§ Requirement:
The lines in the listing below are to be given again exactly, starting at the line holding "Obraz horse head vector" and ending at the line holding "Pétale Abstrait Feuilles". Do not include pictures.

BEGIN Data to examine

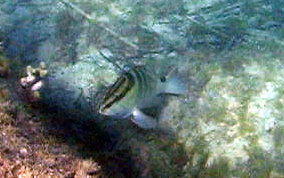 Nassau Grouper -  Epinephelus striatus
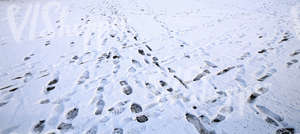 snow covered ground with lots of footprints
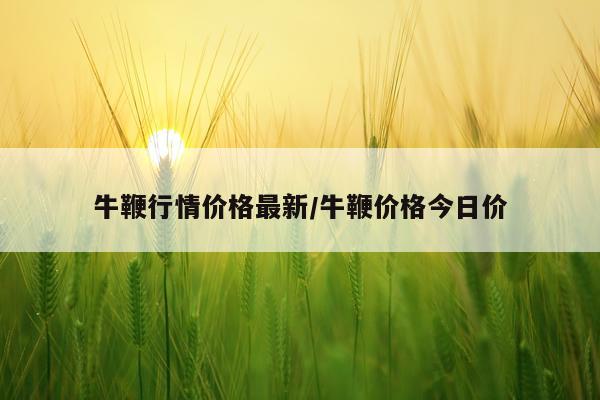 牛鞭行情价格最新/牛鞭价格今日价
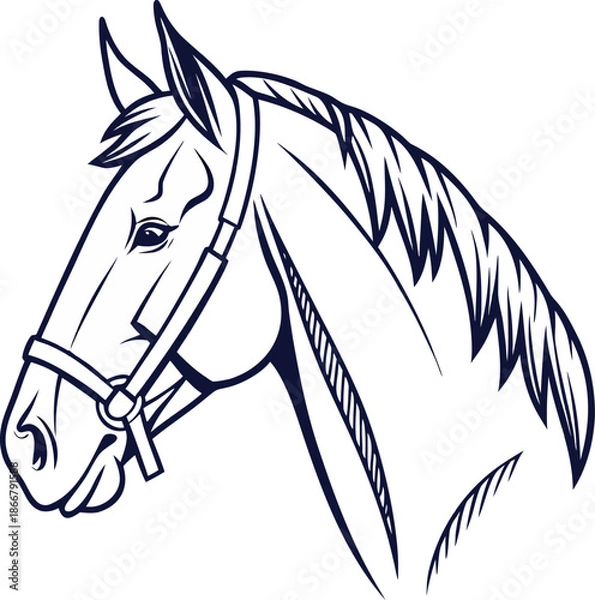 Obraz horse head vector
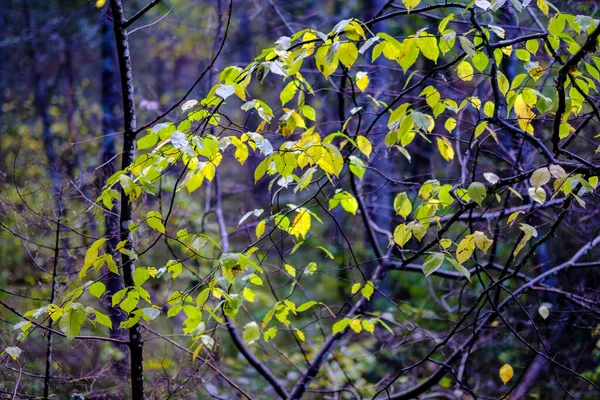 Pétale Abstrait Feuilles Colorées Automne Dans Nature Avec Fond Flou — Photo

END Data to examine
BEGIN Data to examine

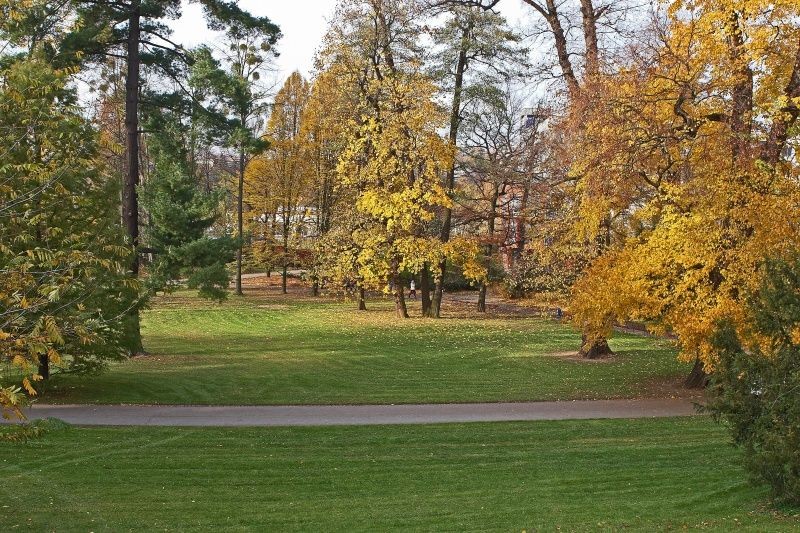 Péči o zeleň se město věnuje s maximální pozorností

END Data to examine
BEGIN Data to examine

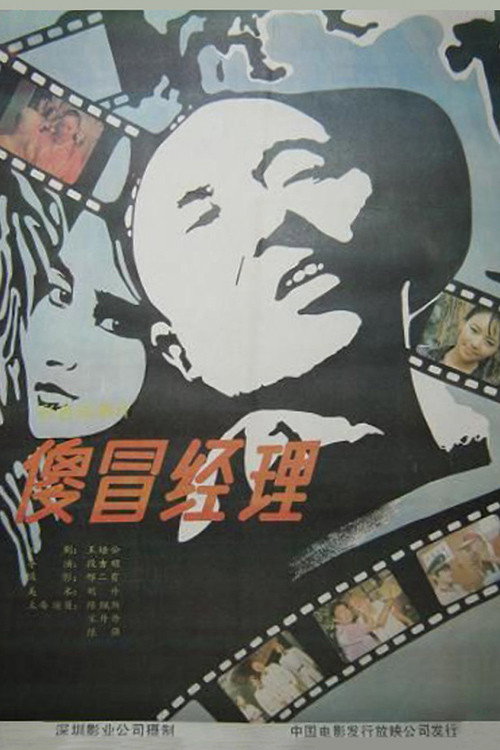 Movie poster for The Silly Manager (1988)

END Data to examine

§ Task solution:
 Obraz horse head vector
 Pétale Abstrait Feuilles Colorées Automne Dans Nature Avec Fond Flou — Photo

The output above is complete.